** SUPPLIED DATA **
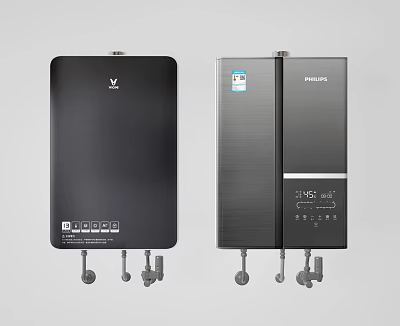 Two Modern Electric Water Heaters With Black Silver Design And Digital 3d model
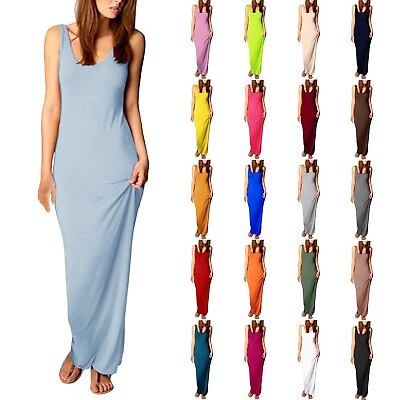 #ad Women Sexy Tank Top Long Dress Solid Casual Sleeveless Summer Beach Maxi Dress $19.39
* * *
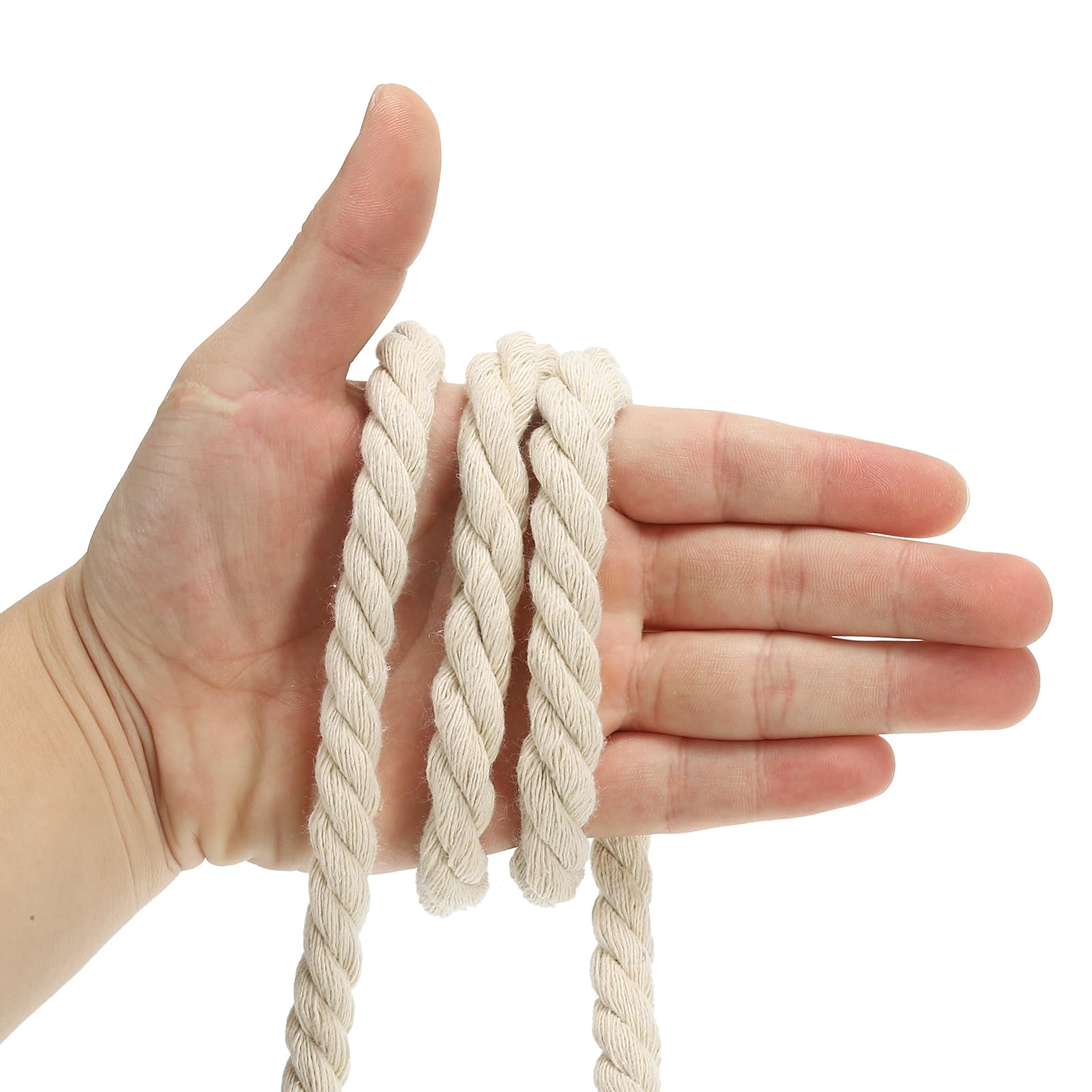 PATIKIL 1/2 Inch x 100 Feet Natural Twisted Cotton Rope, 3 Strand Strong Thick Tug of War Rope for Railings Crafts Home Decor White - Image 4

** TASK BRIEF **
Going back to the data above, write out everything from the line with "Two Modern Electric" down to the line with "#ad Women Sexy", both included, leaving every picture out.

** WRITTEN RESPONSE **
 Two Modern Electric Water Heaters With Black Silver Design And Digital 3d model
 #ad Women Sexy Tank Top Long Dress Solid Casual Sleeveless Summer Beach Maxi Dress $19.39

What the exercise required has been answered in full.